The commercial drone industry and government organisations see BVLoS (Beyond Visual Line of Sight) as the greatest barrier to commercial drones reaching their true potential. The challenges of BVLoS are numerous and whilst technology has advanced quickly, legislation has naturally struggled to keep up. The latest CAA exemptions offered to the emergency services in the UK, coupled with pioneering work of some leading manufacturers/service providers have paved the way for the future use of BVLoS operations.
Updated 22nd September 2017: BVLOS exemption for UK emergency services.
The rules right now
The current rules in the UK state that drone operations must be carried out within normal visual line of site – up to 400ft (122m) high and 500m in every direction. Of course, there are very good safety reasons for these restrictions. A drone is a lethal weapon in the wrong hands, even when line of sight rules are being adhered to. Imagine how much more dangerous a drone flying out of sight would be. That’s why it’s very hard to get permission for a BVLOS operation.
But compare that line of sight distance to what a helicopter can do or a plane. It’s a pretty limited area and it means that drone operations are automatically restricted. The potential for BVLOS operations is huge, across a multitude of sectors. Imagine a drone that could fly over massive fields hundreds of miles square, for example or one which could search for survivors or pinpoint collapsed buildings and roads across thousands of miles of inhospitable, highly challenging territory. But it will take time, experience and serious investment in the right technology to make these operations commonplace.
At the moment, authorised BVLOS operations are few and far between in a civilian context – they do take place regularly in the military. That said, they’re slowly starting to happen.
Drone company senseFly has just gained the first ‘anytime’ BVLOS licence in Switzerland, allowing it to carry out BVLOS operations anytime, anywhere in the country using its eBee drones. However, that doesn’t mean a free-for-all – the drones will still be subject to restrictions. They can only fly at a maximum height of 500ft, which increases to 1,000ft above urban areas – and observers must monitor a 2km radium of airspace to check for other aircraft. These observers must have instant communication with the drone operator in case of an emergency.
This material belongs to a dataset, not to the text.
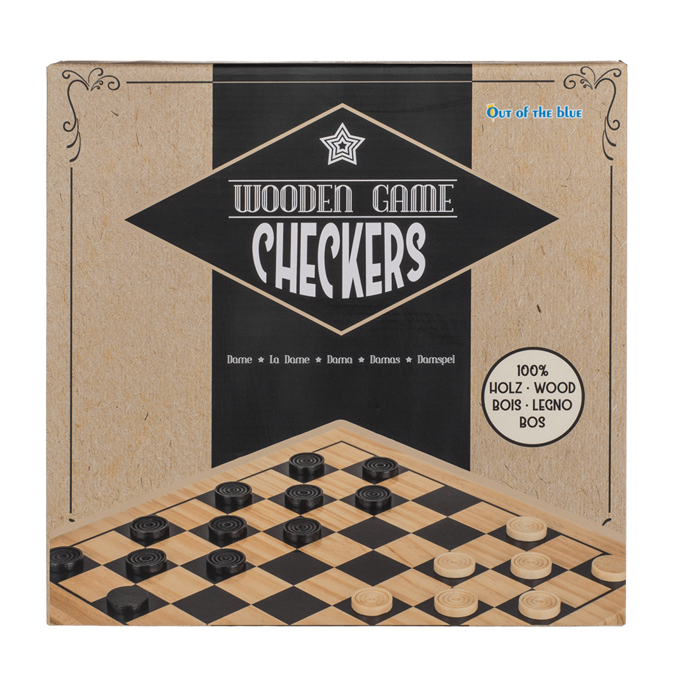Dame Holz-Brettspiel - 28,5 cm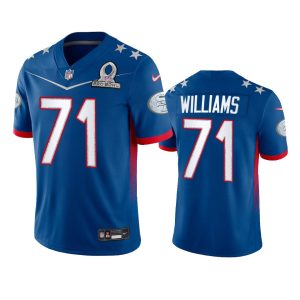 Fantastic 49ers #71 Trent Williams Men's NFL 2022 NFC Pro Bowl Game Jersey Royal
The same drone is also being used in the UK for ELOS (Extended Line of Sight) operations – operators ATEC-3D used an eBee to survey Littlestone beach in Kent for the UK Environment Agency. The company had to apply for CAA (Civil Aviation Authority) permission for the operation. It used two ground observers 500m apart, and the eBee was allowed to fly up to 1,500m from its operator. The company also notified the local air traffic control room of the operation to create a NOTAM (Notice to Airmen) – a notification of the operation to other airspace users.
BVLOS in action
And there are clearly plenty of opportunities out there, as long as a company is prepared to put in some serious work proving its health and safety and risk assessment models are sound.
COPTRZ consulted on a 10 million Euro contract for the European Maritime Safety Agency, won by its sister company Martek Marine, of which BVLOS operations play a big part. The company have now been awarded a place on a 67 million Euro contract for the same agency. Drones will be flying more than 50km from their ground stations over the sea to monitor pollutants coming from ship emissions. “We had a team of experts who are experienced in beyond visual line of sight with regards to the military,” says Steve Coulson of COPTRZ. “We were able to put in the necessary protocols, the documentation, health and safety risks, the risk assessments, and also specify the hardware and software that could do this type of job safely.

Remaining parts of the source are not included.